In the other Bronx competitive districts, Rep. Alexandria Ocasio-Cortez easily won her Democratic primary with 70 percent of the counted vote. In the two area open seats, New York City Councilman Ritchie Torres has a large lead in the crowded Democratic primary to replace retiring Rep. Jose Serrano (D-Bronx), while attorney Mondaire Jones is well ahead, better than 2:1 over his closest opponent, in the eight-person Democratic primary to replace retiring Rep. Nita Lowey (D-Harrison).
In other races of note, Rep. Yvette Clarke (D-Brooklyn), who had a close call in the 2018 primary, looks to be topping 60 percent of the vote in last night’s reported returns. A very tight three-way Democratic primary in the 1st District means that absentee ballots will decide the winner. Perry Gershon, the 2018 Democratic nominee, has only a 164-vote lead toward earning a re-match with Rep. Lee Zeldin (R-Shirley).
On the Republican side, state Assemblyman Andrew Garbarino (R-Bayport) is an easy winner in the race to replace retiring Rep. Peter King (R-Seaford) in the state’s 2nd District. He will face local town official Jackie Gordon who was a landslide winner in the Democratic primary.
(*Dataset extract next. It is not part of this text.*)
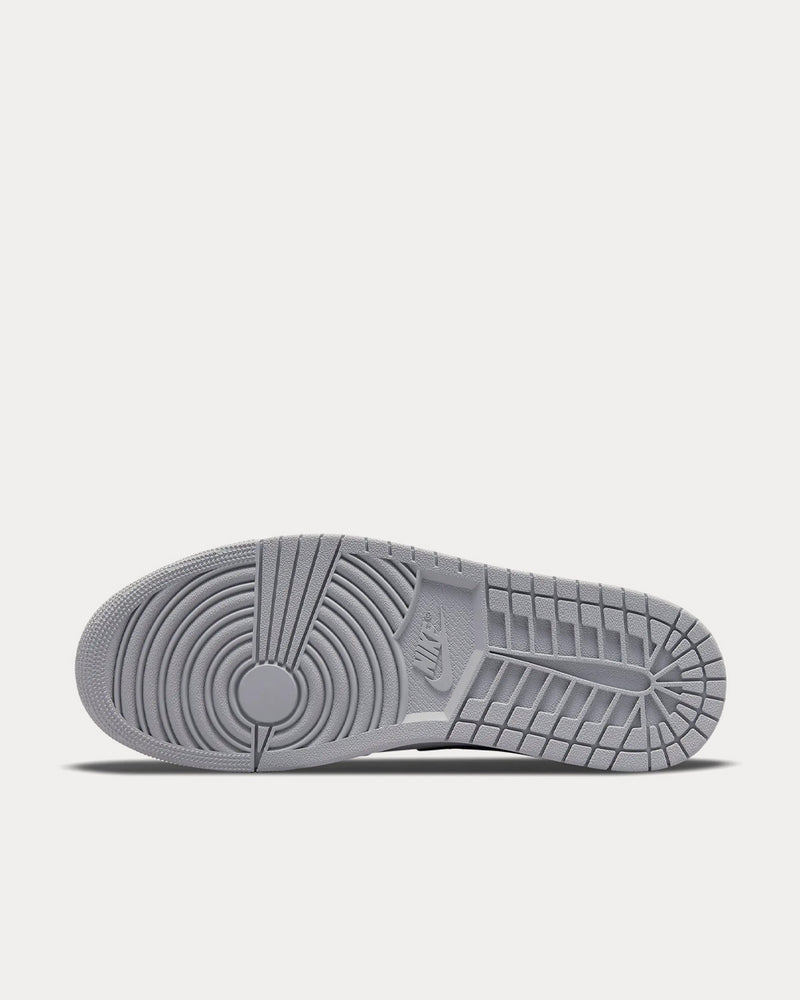 Jordan Air Jordan 1 Light Smoke Grey / Anthracite / White Mid Top Sneakers - 5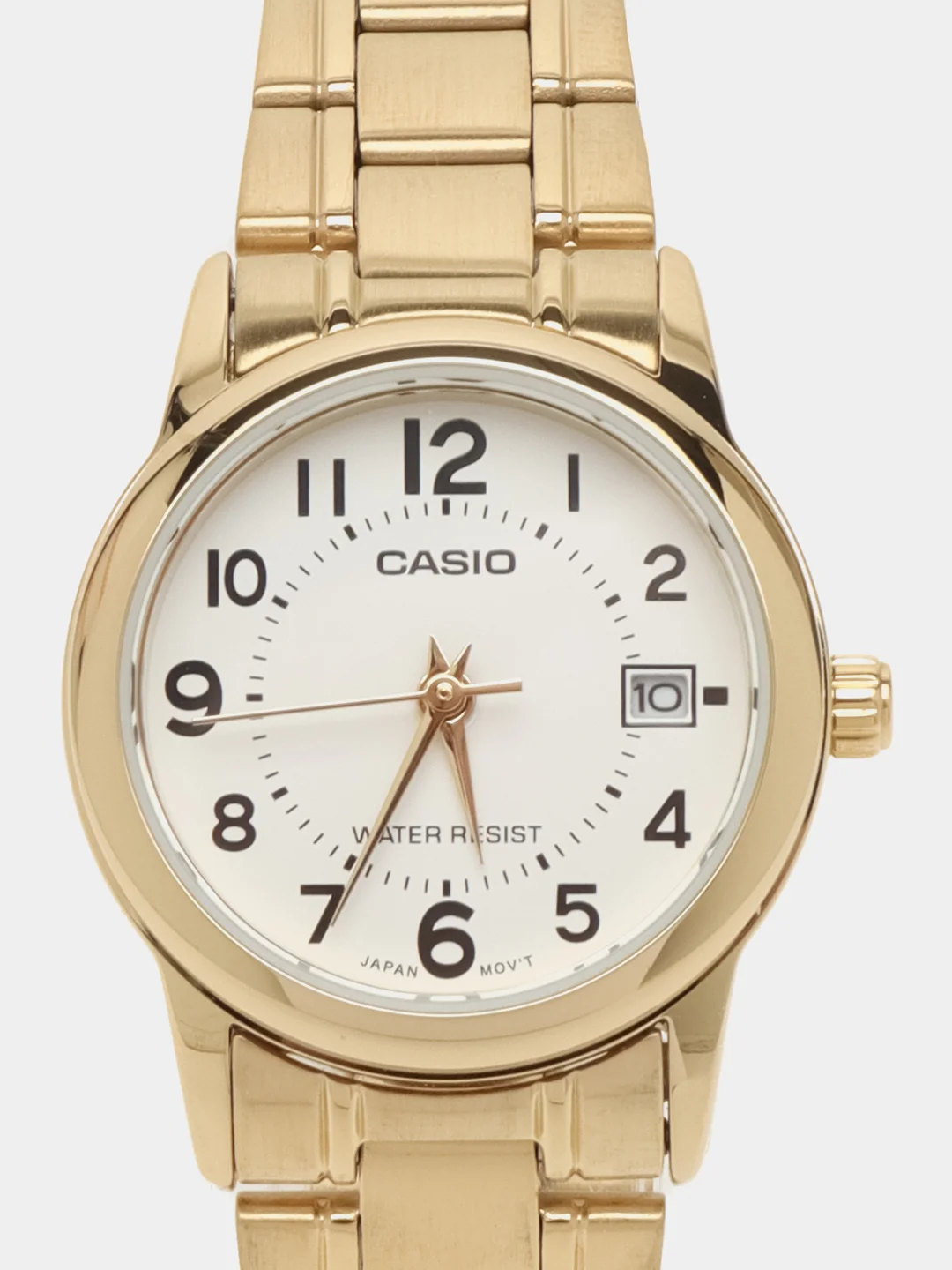 Золотой часы наручные Casio Collection LTP-V002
Elsewhere, state Assemblywoman Nicole Malliotakis, in the Staten Island-Brooklyn seat, will officially challenge freshman Rep. Max Rose (D-Staten Island). Rematches will occur in the Upstate 22nd District where former Rep. Claudia Tenney (R) will return to challenge freshman Rep. Anthony Brindisi (D-Utica), while college professor Dana Balter (D) easily earned another shot at attempting to unseat Rep. John Katko (R-Syracuse).
Another race clearly undecided is in the Upstate 19th District where fashion company owner Ola Hawatmeh has a 475-vote lead over attorney Kyle Van de Water in the GOP primary with the bulk of ballots still to count. The winner will challenge freshman Rep. Antonio Delgado (D-Rhinebeck).
Turning to North Carolina, a clear win was recorded in the 11th District Republican runoff to replace former representative and current White House chief of staff Mark Meadows.
Despite Meadows’ and President Trump’s endorsement of former Haywood County Republican Party chair Lynda Bennett, real estate investment company owner Madison Cawthorn, just over the minimum 25 year age requirement and who is confined to a wheelchair because of a near fatal car crash eight years ago, scored a landslide 66-34 percent victory to win the party nomination. He becomes a big favorite to defeat Democratic nominee Moe Davis, a retired US Air Force colonel, in the general election.
In Virginia, the 5th District Democratic voters easily nominated local physician Cameron Webb to compete in what is now an open seat. Assuming the Virginia Board of Elections grants Republican Bob Good is a waiver after missing the candidate filing deadline despite winning the Republican district convention, the two will square off in what could now become a competitive general election campaign.
In the Virginia Beach-anchored 2nd District, former representative Scott Taylor (R) won the Republican primary but in unimpressive form with only 48 percent of the vote against two opponents. He will now earn a re-match with freshman Rep. Elaine Luria (D-Norfolk).